Collaborating this month with Margit Schwikowski's group from PSI (Switzerland), we also drilled an ice core which will hopefully extend the 2003 ice core record of Lonnie Thompson up to the present. The team of Dr. Theo Jenk, Jogy Schindler & Reto Schild discovered that their lightweight drill was ideally suited for Quelccaya, and they established a new depth record for the equipment! Ironically, drilling was the easy part in some respects, for getting the gear in and out of Perú has required a full 2 weeks of effort by our logistics guru Benjamin Vicencio, Theo, and several diplomats. The ice is currently in a Lima freezer, but we anticipate shipment to PSI this week.
The new drilling is in support of collaboration with Mathias Vuille and John Hurley at the University at Albany, as part NSF-sponsored research examining the climatological history of the South American summer monsoon. An overview of this project is available here.
The image above was taken late in the afternoon by Reto Schild near our main camp at 5,200 m. It nicely depicts Cordillera Vilcanota weather and environment during late October this year - aspects of which will be discussed and illustrated here in greater detail. Note, for example, dramatic convection caused by increasing atmospheric instability at this time of year. The Vilcanota landscape is a mosaic of starkly contrasting environments, whose attributes were especially apparent this October; extreme 2013-14 accumulation remained on glaciers at the highest elevations, yet with longer days and higher temperatures at this time of year, considerable low-albedo ice was exposed below the transient snowline. As a result, meltwater runoff from glaciers was much greater than that of the core dry season, flooding bofedales and lakes (see image). Where present, water in this landscape supports a fascinating biodiversity, as demonstrated to us nightly by a chorus of frogs outside our tents... in sub-freezing temperatures at 5,200 meters!

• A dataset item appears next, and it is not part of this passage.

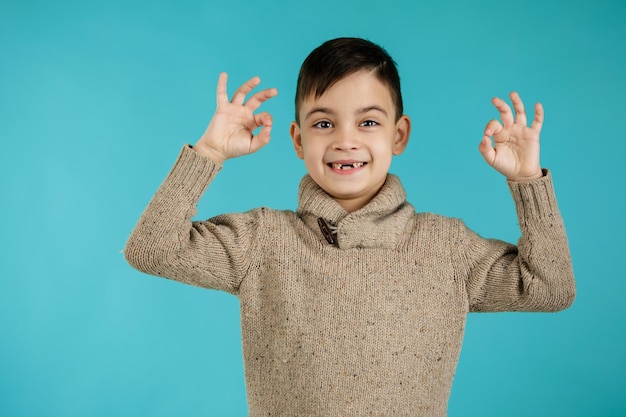 Lindo niño en camiseta haciendo gesto ok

Quelccaya Ice Cap and Vilcanota glaciers are receding rapidly. With their shrinkage, water resources will decline, and lead inexorably to environmental and ecological change. Without meltwater runoff from glaciers during the dry season, the landscape will be very different, as sparse vegetation in the foreground and middle distance suggest. But while the glaciers remain, we are attempting to learn as much as possible about them, the paleoclimate archive they record, and the ecosystems they support.